Na verdade, o documentário retira do campo dos boatos e atira para os ares a realidade nua (sem trocadilhos) e crua: havia uma ligação íntima e compartilhada de amantes entre Marilyn e os irmãos Kennedy, John (presidente) e Bob (procurador-geral), que estiveram bastante empenhados em encobrir as circunstâncias de sua morte. Também joga luzes sobre a conturbada fase em que ambos controlavam o poder político nos Estados Unidos e compram uma briga de morte com a Máfia e seu assecla Jimmy Hoffa, que contratou gravações clandestinas de conversas e encontros da atriz com os dois políticos.

O maior mérito desse filme é descolar da imagem de Marilyn a impressão consagrada de que ela era apenas mais uma pin-up tola, mostrando as inúmeras camadas de sua personalidade complexa e tirando-a do pedestal para o chão batido da vida real. De quebra, cascavilha o ambiente hollywoodiano em sua Era de Ouro permitindo uma reflexão a respeito da sua toxicidade. Surgem os bastidores e festas repletos de assédios de todos os tipos contra as mulheres que embarcavam no sonho do estrelato. Também grita a questão do adoecimento mental, não raro com as drogas oferecidas como válvula de escape.

Outra virtude é demonstrar que Marilyn tinha bom conhecimento de como o sistema funcionava e usou a inteligência para construir sua jornada dentro das regras vigentes, embora tenha acumulado os danos emocionais que, ao que parece, levaram-na para a trilha da morte prematura.

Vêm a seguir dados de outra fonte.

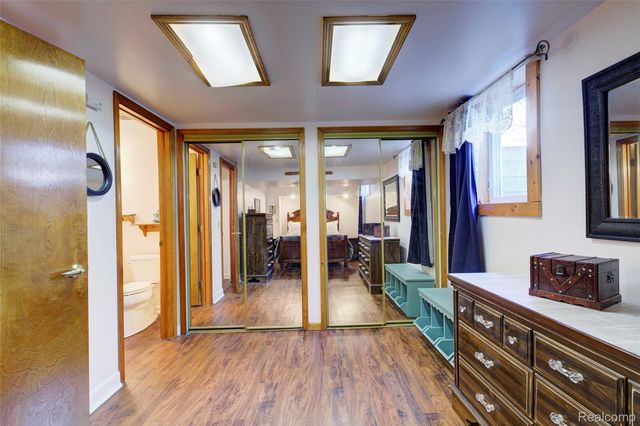 1817 S Pasadena Avenue, York Charter Township, MI 48198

O documentário foi inspirado na monumental pesquisa iniciada em 1982 pelo jornalista investigativo britânico Anthony Summers – que resultou no livro Gooddess: The Secret Lives of Marilyn Monroel (Deusa: As Vidas Secretas de Marilyn Monroe), publicado em 1985 – quando a promotoria do condado de Los Angeles resolveu revisar o caso, embora sem trazer qualquer novidade à versão oficial sobre a morte.

Apesar disso, Summers seguiu em frente e diz ter realizado mil entrevistas, 650 delas gravadas em fitas, onde ouviu a elite e alguns escroques de Hollywood – inclusive os que plantaram as escutas nas casas de Marilyn e de uma irmã de Bob e John –, além de diversos amigos da diva do cinema. Com isso, foi possível expor muitas verdades a respeito de uma mulher que detestava mentiras, linda, engraçada, triste, brilhante e problemática, com elevada dependência química, durante anos, de estimulantes, anfetaminas, calmantes, barbitúricos, remédios para dormir e álcool.

Não é simples ver a imagem do seu corpo inerte em sua cama, como se ainda pairasse uma aura de candura. Até porque sobrevive até hoje a hipótese de que ela teria sido levada viva a um hospital e voltado morta. Pelo visto, era importante sustentar a versão de que morrera ali, como se houvesse uma culpa dela mesma por ter sido tudo que foi, uma mulher e tanto!